Explanation: The bridge is an arrangement of four resistances that can be used to measure one of them in terms of rest. Here arms \(AB\) and \(BC\) are called ratio arms and arms \(AC\) and \(BD\) are called conjugate arms.
   
Balanced bridge: The bridge is said to be balanced when deflection in the galvanometer is zero, i.e. no current flows through the galvanometer or in other words \({V}_{{B}}={V}_{{D}}.\)
In the balanced condition \(\frac{P}{Q}=\frac{R}{S},\) on mutually changing the position of the cell and galvanometer this condition will not change.
Unbalanced bridge: If the bridge is not balanced current will flow from \(D\) to \(B\) if \(V_D>V_B,\) i.e. \(\left(V_A-V_D\right)<\left(V_A-V_B\right)\) which gives \(P S>R Q.\)
According to the problem for first students, \({R}_2=10 \Omega, {R}_1=5 \Omega, {R}_3=5 \Omega\)
For the second student, \(R_1=500 \Omega, R_2=1000 \Omega, R_3=5 \Omega\)
Let us take \(R_4=R.\)
Now, according to the Wheatstone Bridge rule,
\(\frac{R_2}{R_1}=\frac{R_4}{R_3} \Rightarrow R_4=R_3 \times \frac{R_2}{R_1}\)
Now putting all the values in the above equation, we get \(R=10~ \Omega\) for both students. Thus, we can analyse that the Wheatstone bridge is most sensitive and accurate if resistances are of the same value.

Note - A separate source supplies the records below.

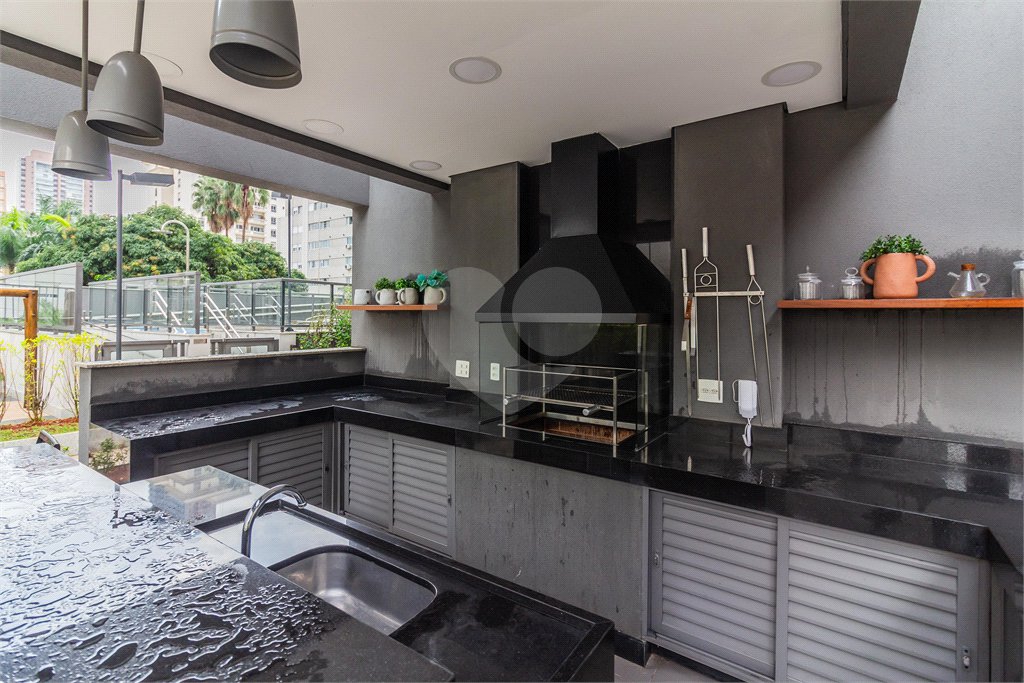 Apartamento à venda com 3 quartos, sendo 2 suítes, em Pinheiros, São Paulo, SP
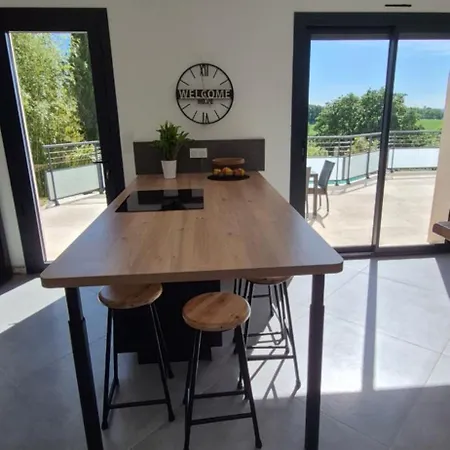 Havre De Paix Dans D'architecte Poulan-Pouzols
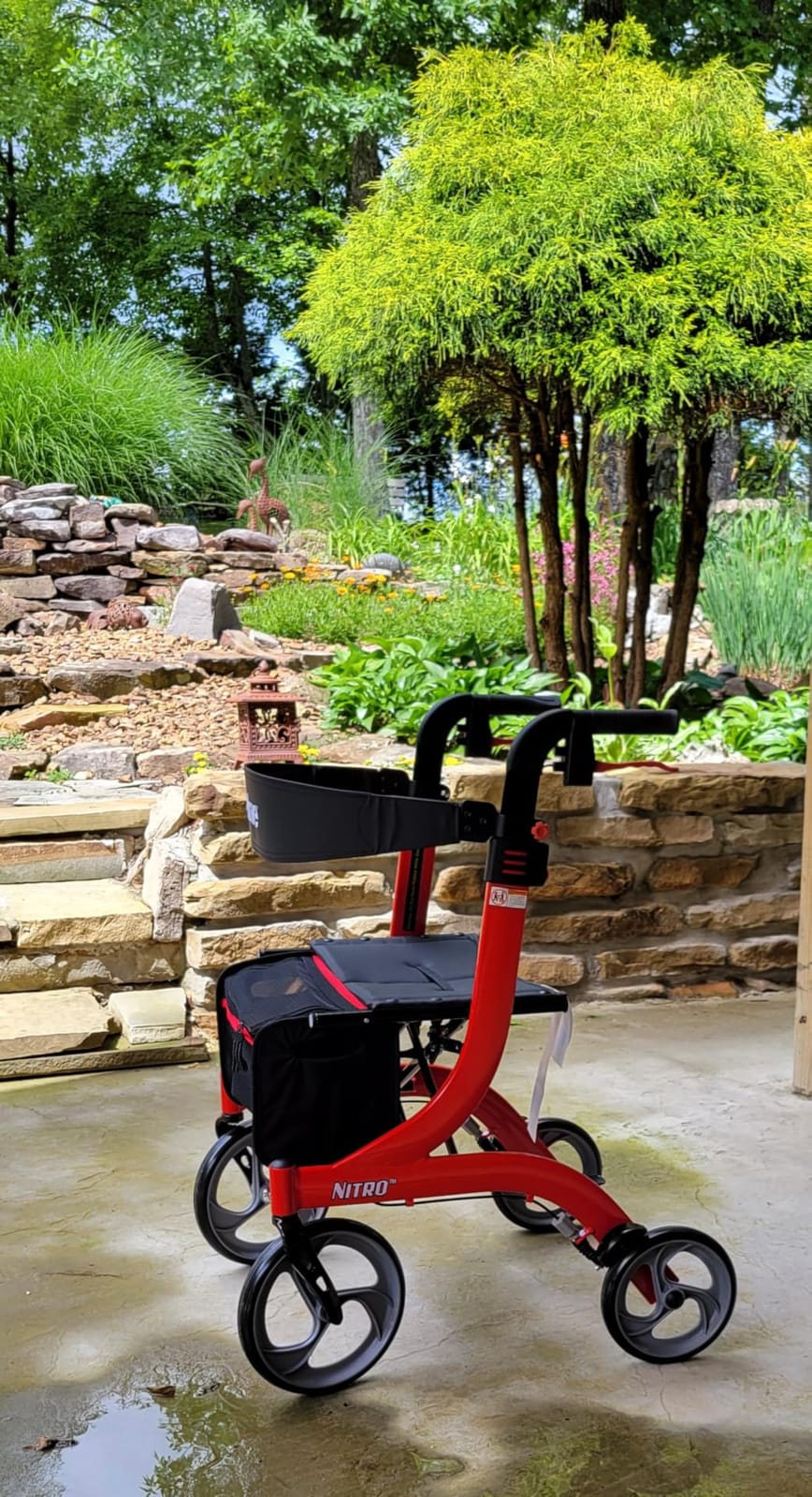 Drive Medical RTL10266 Nitro Euro-Style 4-Wheel Rollator with Seat, Red customer photo 1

Thus, the errors of measurement of the two students depend on the accuracy and sensitivity of the bridge,
which in turn depends on the accuracy with which \(R_2\) and \(R_1\) can be measured. The currents through the arms of the bridge are very weak when \(R_2\) and \(R_1\) are larger. This can make the determination of the null point accurately more difficult.
   
Hence, option (3) is the correct answer.